A nurse with a wheelchair came over my bed, saying that I was naughty for crashing my bike and I would be given some pain as a penalty (Ha-ha). I was sweating cold, thinking about what to follow up later but I had no choice, so I just followed the ‘flow’ as I was already fallen into the ‘stream’. He pushed me until a surgery room; my mind was unclear already, starting to have delusion (I was not able to clearly remember all things that were happening). There I saw Mr. Theva, the Orthopedic and his two trainees’ doc (one being the cold- hearted dog, urm... doc). I got up and lied on the operating table (I was thinking: “God, this must be IT”).
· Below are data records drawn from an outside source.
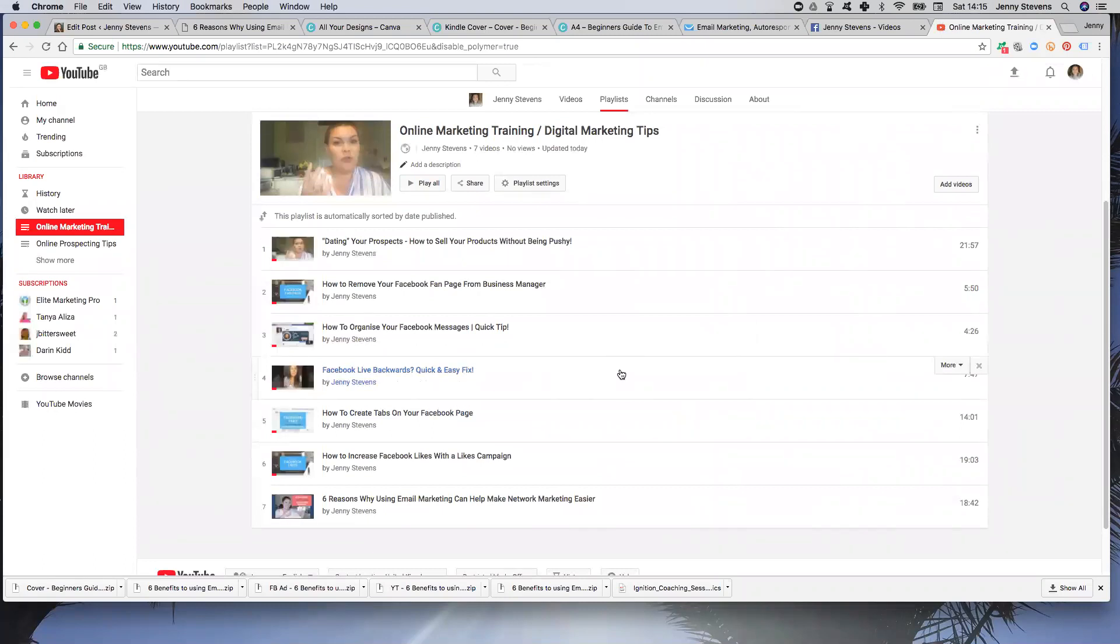So that has just saved me now, even though I had already reordered my videos manually, but at least now I know going forwards that they're all going to be in date order or if I want to have most popular as well.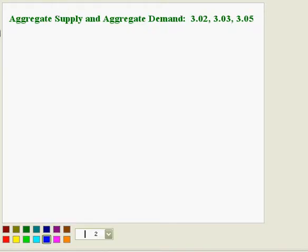Some students are having a difficult time determining when aggregate supply and aggregate demand will shift. This short tutorial will help you with 3.02, 3.03, and 3.05.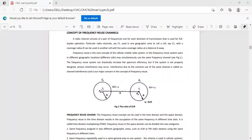Interference due to the common use of the same channel is called co-channel interference, and it is our major concern in the concept of frequency reuse. We have limited spectrum, and that spectrum should be used efficiently. So in order to increase the spectrum efficiency, we are reusing the frequency. If the system is not properly designed, then we have interference due to the allocation of the same frequency — that is co-channel interference — and it is the major problem.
Mr. Theva said to me that I was about to have my cut wound stitched up. I said ok but a signal from my mind, went like: “Can I not have it? Maybe just let the wound heals by itself, because our body has the ability to heal itself, even the cuts, I think...”. Although I was sweating cold, by seeing him preparing the instruments, I knew it would be stupid to say what I was thinking at that time and it was not a time for voicing out personal opinion too, I had to let the doc did his duty. Being a cold- hearted trainee doc, the guy was going to have his dinner and asked for what Mr. Theva would like to have for his, he got a reply of ‘mee goreng’. He left satisfied with the order. The time I thought was 7.30pm and I would be getting the sharpest pain ever...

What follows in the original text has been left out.